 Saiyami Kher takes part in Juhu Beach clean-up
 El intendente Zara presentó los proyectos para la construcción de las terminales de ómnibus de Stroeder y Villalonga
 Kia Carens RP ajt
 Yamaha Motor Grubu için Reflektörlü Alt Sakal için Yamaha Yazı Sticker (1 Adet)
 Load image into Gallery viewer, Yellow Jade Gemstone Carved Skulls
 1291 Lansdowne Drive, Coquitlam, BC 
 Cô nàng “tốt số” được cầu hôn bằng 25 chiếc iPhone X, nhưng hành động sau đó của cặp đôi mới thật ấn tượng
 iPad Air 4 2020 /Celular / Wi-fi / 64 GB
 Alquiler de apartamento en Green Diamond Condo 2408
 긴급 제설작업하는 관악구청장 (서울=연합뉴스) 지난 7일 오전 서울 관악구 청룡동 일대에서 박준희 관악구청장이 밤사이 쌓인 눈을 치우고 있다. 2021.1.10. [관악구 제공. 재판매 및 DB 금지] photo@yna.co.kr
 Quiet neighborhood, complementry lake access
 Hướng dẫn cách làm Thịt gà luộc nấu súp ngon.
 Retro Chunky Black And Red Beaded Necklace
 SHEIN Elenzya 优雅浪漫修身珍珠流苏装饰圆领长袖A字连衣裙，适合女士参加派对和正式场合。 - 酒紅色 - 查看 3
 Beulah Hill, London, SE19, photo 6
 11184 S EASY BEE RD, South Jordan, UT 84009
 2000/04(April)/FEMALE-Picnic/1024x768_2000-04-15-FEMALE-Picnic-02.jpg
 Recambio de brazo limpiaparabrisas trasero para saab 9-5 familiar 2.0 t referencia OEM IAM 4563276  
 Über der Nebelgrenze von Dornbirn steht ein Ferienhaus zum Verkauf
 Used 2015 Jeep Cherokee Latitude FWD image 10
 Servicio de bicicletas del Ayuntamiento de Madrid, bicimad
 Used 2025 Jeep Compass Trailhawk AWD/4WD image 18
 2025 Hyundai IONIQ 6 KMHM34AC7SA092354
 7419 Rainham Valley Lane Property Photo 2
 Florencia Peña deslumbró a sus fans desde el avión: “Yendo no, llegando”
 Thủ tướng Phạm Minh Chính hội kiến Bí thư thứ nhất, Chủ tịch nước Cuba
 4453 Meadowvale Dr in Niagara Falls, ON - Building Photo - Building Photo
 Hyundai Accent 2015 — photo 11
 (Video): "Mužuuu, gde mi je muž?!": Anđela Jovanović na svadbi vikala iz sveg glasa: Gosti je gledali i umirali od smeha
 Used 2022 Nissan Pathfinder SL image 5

:: Your instructions ::
Please copy the lines in the records above between the one holding "Alquiler de apartamento" and the one holding "umirali od smeha", inclusive, exactly and with no other line.

:: Your response ::
 Alquiler de apartamento en Green Diamond Condo 2408
 긴급 제설작업하는 관악구청장 (서울=연합뉴스) 지난 7일 오전 서울 관악구 청룡동 일대에서 박준희 관악구청장이 밤사이 쌓인 눈을 치우고 있다. 2021.1.10. [관악구 제공. 재판매 및 DB 금지] photo@yna.co.kr
 Quiet neighborhood, complementry lake access
 Hướng dẫn cách làm Thịt gà luộc nấu súp ngon.
 Retro Chunky Black And Red Beaded Necklace
 SHEIN Elenzya 优雅浪漫修身珍珠流苏装饰圆领长袖A字连衣裙，适合女士参加派对和正式场合。 - 酒紅色 - 查看 3
 Beulah Hill, London, SE19, photo 6
 11184 S EASY BEE RD, South Jordan, UT 84009
 2000/04(April)/FEMALE-Picnic/1024x768_2000-04-15-FEMALE-Picnic-02.jpg
 Recambio de brazo limpiaparabrisas trasero para saab 9-5 familiar 2.0 t referencia OEM IAM 4563276  
 Über der Nebelgrenze von Dornbirn steht ein Ferienhaus zum Verkauf
 Used 2015 Jeep Cherokee Latitude FWD image 10
 Servicio de bicicletas del Ayuntamiento de Madrid, bicimad
 Used 2025 Jeep Compass Trailhawk AWD/4WD image 18
 2025 Hyundai IONIQ 6 KMHM34AC7SA092354
 7419 Rainham Valley Lane Property Photo 2
 Florencia Peña deslumbró a sus fans desde el avión: “Yendo no, llegando”
 Thủ tướng Phạm Minh Chính hội kiến Bí thư thứ nhất, Chủ tịch nước Cuba
 4453 Meadowvale Dr in Niagara Falls, ON - Building Photo - Building Photo
 Hyundai Accent 2015 — photo 11
 (Video): "Mužuuu, gde mi je muž?!": Anđela Jovanović na svadbi vikala iz sveg glasa: Gosti je gledali i umirali od smeha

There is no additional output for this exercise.